Aber wie soll man in diesen zersiedelten, unstrukturierten Gegenden alt werden? Was macht man, wenn man ohne PKW auskommen muss? Wer organisiert den Alltag und wie?

Die traditionelle Antwort darauf lautet: „Dann zieht doch ins Heim!“ Das will aber so gut wie niemand freiwillig. Heime sind oft nur die einzig verbliebene Notlösung – und dann auch noch eine teure, fern der vertrauten Umgebung, gefährdet durch Personalengpässe. Hier gibt es viel Anlass zu Traurigkeit, zum Unglücklichsein in der Republik.

Einkaufsmöglichkeiten um die Ecke

Ich bin fest überzeugt, dass wir in Deutschland einen großen Umbaubedarf haben. Die nicht bedarfsgerechten Wohnungen und Häuser müssen für eine erheblich älter werdende Gesellschaft hergerichtet werden. Dabei ist besonders der bedrohte innerstädtische Wohnungsbestand hoch attraktiv. Die Zentren der Städte und Dörfer nicht allein dem Kommerz zu überlassen und hilflos zuzusehen, wenn Läden und Büros geschlossen werden – das ist die Herausforderung für die Kommunalpolitik.

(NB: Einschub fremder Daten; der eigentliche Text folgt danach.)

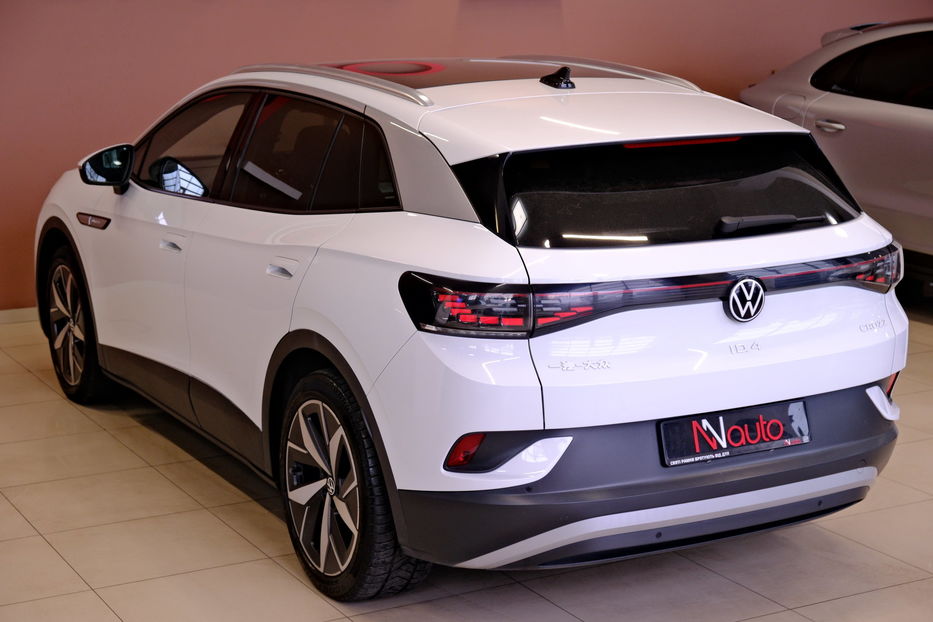 Продам Volkswagen ID.4 Crozz Pure  2021 года в Одессе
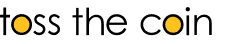 Toss the Coin Logo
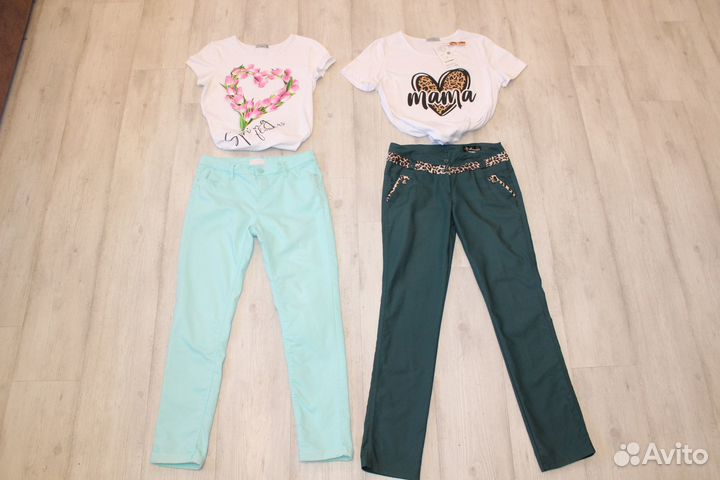 Женская летняя одежда 42-44 р-ры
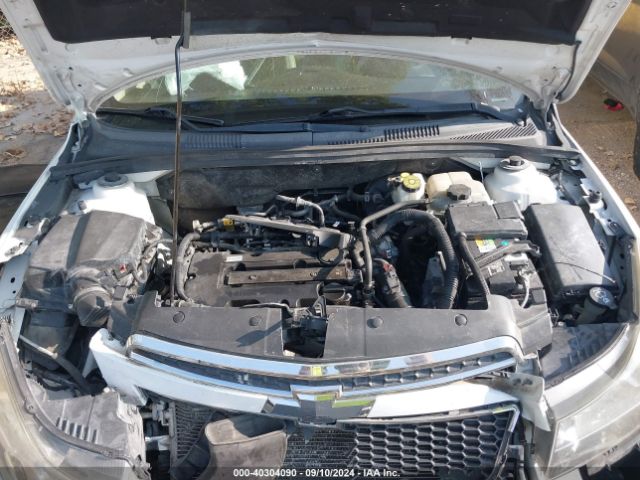 1G1PG5SB0E7156648 Chevrolet CRUZE LTZ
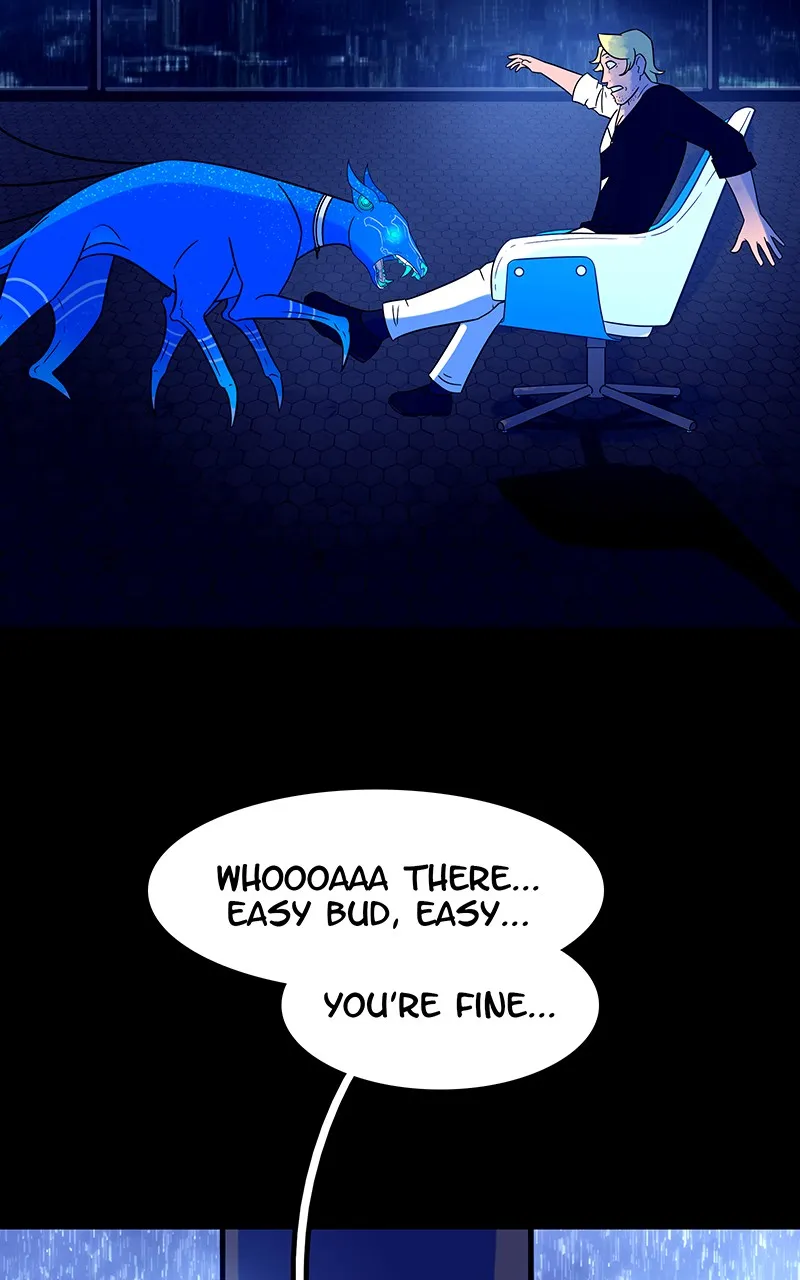 LoveBot Chapter 11 page 54 -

Wir brauchen bezahlbare barrierefreie Wohnungen in verdichteten Nachbarschaften, in denen älter werdende Menschen mit ihren Nachbarn den Alltag organisieren. Vonnöten sind Einkaufsmöglichkeiten um die Ecke und Dienstleistungen, die mit dem Rollator fußläufig erreichbar sind.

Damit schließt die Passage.